Sunday 6 January 2008

2008 inaugral sunday round-up


The new year sees the return of the business round-up this week. Last year was a very significant year in terms of business and economics; this year will be even more so.
Before you get to the click-fest below, let me know if there are any changes or additions you would like to see to this format....more international news? more focus on specific areas? etc..

Here are the 10 stories to get us started, many will be with us for a few weeks to come:

Housing crash threatens Rock sale - The fall in house prices is giving the jitters tot he banks who are proposing to lend to the potential Northern Rock saviours. Alternatives to state ownership are now nearly all gone..

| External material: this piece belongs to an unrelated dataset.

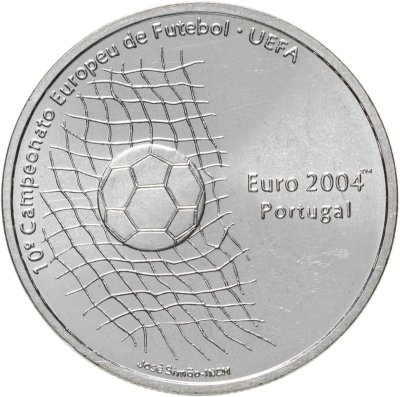 купить Португалия 1000 эскудо (escudos) 2001 "Чемпионат Европы по футболу 2004"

Goldman to the rescue of the Rock - However, perhaps the above can be trumped by a new financing initiative from Goldman Sachs. We will know the answer before long.

Cohen rounds on AIM - Veteran investor sides with the yanks and asks some difficult questions of the LSE's AIM market. Hard to answer these, especially as the overall shares on this market go south. This year could be a tough one for AIM investors.

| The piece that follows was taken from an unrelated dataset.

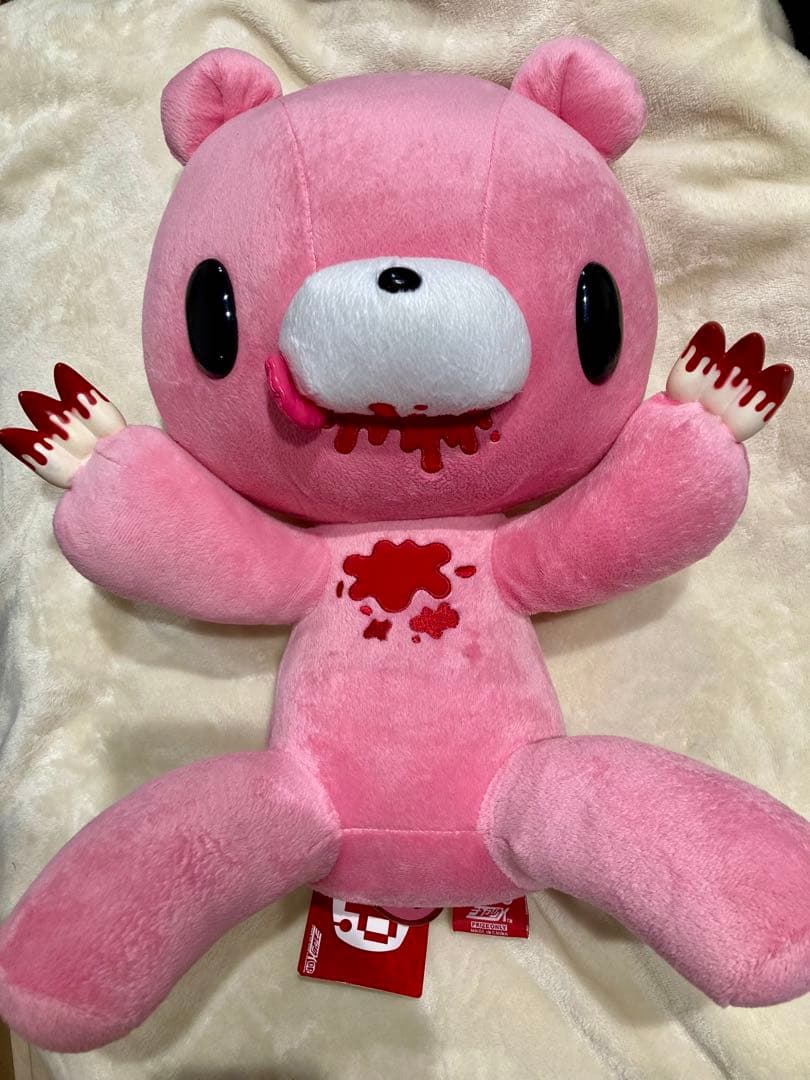 グル〜ミ〜 GLOOMY ぬいぐるみ XL座グルーミー ピンク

M&S leads the denouement - Retailers to continue the 'bad' news (bad for them, good for those managing personal debts in a more sensible way) from the last quarter.

Bank urged to cut rates
- The Bank of England is under great pressure to cut rates again. Few chances now to avoid stagflation.

Comment of the week - Liam Halligan in the Telegraph on the meddling of politicians.

Nuclear power funding - This will be a story for the next 20 years. The sums involved and the risks are astronomical.

Gold heading to new highs - Volatility drives up the price even further. Gold is doing even better than Google!

Challenges for TV in 2008 - Good summary of some of the regulatory and economic changes coming to the media in 2008.

Guardian share tips - just for a laugh...

15 comments:

Old BE said...

I would like to read some unrealistically good-news stories to balance things off. They don't have to be true, just positive enough to make us think that it's all gonna be AOK. Perhaps a link to the No. 10 website...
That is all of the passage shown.